If you have Nutch branch or Gora trunk already checked-out, please run
$ svn up

in order to have its most up-to-date version. Multiple fixes show up in this document through diff outputs. In order to apply the fix, place the diff content into the root directory and run the patch command

$ patch -p0 < myDiff


Setup the projects in Eclipse


     The idea is to be able to improve Nutch and Gora code comfortably, with the help of the Eclipse IDE. You want to add in the Java Build Path the source - and why not the test - directories of the modules you are interested in working on. Then manage the dependencies with Ivy or Maven plugins to resolve the external libraries. Then update the code. Optionally run a few JUnit tests. Then run the ant task that builds the project. Then submit a patch. This is the easiest and the fastest way, especially as regards productivity.


Install plugins

Install the Subclipse, IvyDE and m2e plugins if you don't have them yet.
Help > Install New Software ...

Add the following urls:








Check out SVN directories

Check-out Nutch branch and Gora trunk versions using the SVN wizard, with the following urls

File > New > Project ...












Note that you can just create a Java project and check out Nutch source with svn command, if you don't like SVN Eclipse plugin:

$ cd ~/java/workspace/NutchGora
$ svn co http://svn.apache.org/repos/asf/nutch/branches/nutchgora branch

Build the projects

Window > Show View > Ant
Drag and drop the build.xml files in the Ant Eclipse tab.
Just double click on the Gora and Nutch items in the Ant view. That will run the default task. For Gora, it will publish the modules to the Ivy local repository. For Nutch, it will build a "release" in runtime/local directory





Nutch


Within the Nutch project, we want to manage the dependencies with the Ivy plugin, not the Maven one.

  • The call to "nutch.root" property set in build.xml for ant should be replaced in src/plugin/protocol-sftp/ivy.xml by the built-in "basedir" ivy property. I am not sure how to load a property in Eclipse Ivy plugin.
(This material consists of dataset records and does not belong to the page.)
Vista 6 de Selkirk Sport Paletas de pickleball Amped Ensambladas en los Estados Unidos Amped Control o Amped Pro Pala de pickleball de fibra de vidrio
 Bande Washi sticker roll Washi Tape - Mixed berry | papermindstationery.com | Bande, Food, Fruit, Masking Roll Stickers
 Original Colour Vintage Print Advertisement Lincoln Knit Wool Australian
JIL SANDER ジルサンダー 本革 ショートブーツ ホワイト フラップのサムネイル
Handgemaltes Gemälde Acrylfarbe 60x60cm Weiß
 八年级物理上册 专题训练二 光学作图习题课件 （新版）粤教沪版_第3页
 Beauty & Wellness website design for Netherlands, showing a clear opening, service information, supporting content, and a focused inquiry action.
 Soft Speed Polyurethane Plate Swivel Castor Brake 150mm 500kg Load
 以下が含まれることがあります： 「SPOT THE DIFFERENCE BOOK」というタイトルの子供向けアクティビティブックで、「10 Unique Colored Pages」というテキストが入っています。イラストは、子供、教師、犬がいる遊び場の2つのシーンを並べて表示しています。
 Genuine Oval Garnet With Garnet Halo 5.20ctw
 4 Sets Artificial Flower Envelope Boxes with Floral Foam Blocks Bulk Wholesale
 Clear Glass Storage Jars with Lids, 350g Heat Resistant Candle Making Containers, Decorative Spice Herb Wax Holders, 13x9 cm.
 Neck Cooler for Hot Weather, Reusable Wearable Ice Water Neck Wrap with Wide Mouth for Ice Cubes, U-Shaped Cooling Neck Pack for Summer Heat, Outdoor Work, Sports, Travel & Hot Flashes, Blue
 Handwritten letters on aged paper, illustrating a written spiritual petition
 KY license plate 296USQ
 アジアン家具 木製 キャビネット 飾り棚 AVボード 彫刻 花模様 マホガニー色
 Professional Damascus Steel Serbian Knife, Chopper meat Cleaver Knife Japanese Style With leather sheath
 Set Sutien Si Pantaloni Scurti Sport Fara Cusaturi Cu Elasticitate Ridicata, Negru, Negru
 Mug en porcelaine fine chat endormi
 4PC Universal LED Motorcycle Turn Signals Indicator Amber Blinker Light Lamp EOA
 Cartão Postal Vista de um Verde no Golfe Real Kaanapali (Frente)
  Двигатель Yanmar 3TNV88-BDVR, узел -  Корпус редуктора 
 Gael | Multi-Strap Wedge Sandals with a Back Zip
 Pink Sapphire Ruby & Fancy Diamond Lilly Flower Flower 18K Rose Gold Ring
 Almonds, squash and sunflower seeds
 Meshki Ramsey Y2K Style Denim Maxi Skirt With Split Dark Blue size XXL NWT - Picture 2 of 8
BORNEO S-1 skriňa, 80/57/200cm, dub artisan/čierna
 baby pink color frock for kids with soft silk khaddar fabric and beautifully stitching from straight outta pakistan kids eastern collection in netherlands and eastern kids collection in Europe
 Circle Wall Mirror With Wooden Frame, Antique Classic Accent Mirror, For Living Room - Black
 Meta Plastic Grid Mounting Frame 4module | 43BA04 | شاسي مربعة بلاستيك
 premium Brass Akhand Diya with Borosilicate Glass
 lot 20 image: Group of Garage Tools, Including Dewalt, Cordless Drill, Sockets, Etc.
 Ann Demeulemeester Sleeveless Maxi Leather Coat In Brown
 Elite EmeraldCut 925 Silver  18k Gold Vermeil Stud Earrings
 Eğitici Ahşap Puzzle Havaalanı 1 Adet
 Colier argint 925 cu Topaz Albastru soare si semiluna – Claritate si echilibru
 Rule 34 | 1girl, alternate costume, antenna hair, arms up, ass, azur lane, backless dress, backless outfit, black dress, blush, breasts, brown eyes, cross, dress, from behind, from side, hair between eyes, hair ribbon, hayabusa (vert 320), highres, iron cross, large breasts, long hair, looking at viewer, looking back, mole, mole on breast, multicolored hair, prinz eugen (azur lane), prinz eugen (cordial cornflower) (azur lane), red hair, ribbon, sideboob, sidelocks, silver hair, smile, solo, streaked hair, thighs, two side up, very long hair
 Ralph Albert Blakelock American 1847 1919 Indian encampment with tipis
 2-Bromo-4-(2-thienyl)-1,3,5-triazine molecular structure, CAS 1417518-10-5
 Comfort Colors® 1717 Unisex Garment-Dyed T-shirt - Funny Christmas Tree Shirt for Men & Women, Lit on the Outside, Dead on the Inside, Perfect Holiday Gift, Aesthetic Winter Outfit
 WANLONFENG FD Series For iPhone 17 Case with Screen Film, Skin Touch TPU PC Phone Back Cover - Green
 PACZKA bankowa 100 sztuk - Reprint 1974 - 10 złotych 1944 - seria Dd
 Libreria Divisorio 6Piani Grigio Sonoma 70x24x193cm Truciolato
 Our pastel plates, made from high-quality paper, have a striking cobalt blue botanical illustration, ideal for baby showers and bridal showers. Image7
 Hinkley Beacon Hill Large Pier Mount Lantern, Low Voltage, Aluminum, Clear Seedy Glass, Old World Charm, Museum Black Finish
This will break the build, so be sure to replace it back when running Ant tasks.

This is the Ivy configuration tweaks:

Index: src/plugin/protocol-sftp/ivy.xml
===================================================================
--- src/plugin/protocol-sftp/ivy.xml    (revision 1177967)
+++ src/plugin/protocol-sftp/ivy.xml    (working copy)
@@ -27,7 +27,7 @@
   </info>
 
   <configurations>
-    <include file="${nutch.root}/ivy/ivy-configurations.xml"/>
+    <include file="${basedir}/branch/ivy/ivy-configurations.xml"/>
   </configurations>
 
   <publications>
Index: ivy/ivy.xml
===================================================================
--- ivy/ivy.xml (revision 1177967)
+++ ivy/ivy.xml (working copy)
@@ -21,7 +21,7 @@
        </info>
 
        <configurations>
-               <include file="${basedir}/ivy/ivy-configurations.xml" />
+               <include file="${basedir}/branch/ivy/ivy-configurations.xml" />
        </configurations>
 
        <publications>
@@ -58,8 +58,9 @@
                  <dependency org="org.apache.tika" name="tika-parsers" rev="0.9" />
                -->
 
+               <!--
                <dependency org="org.apache.gora" name="gora-core" rev="0.1.1-incubating" conf="*->compile"/>
-
+-->
                <dependency org="log4j" name="log4j" rev="1.2.15" conf="*->master" />
 
                <dependency org="xerces" name="xercesImpl" rev="2.9.1" />

Now, right click on ivy/ivy.xml, "Add Ivy Library ...". Do the same for src/plugin/protocol-sftp/ivy.xml.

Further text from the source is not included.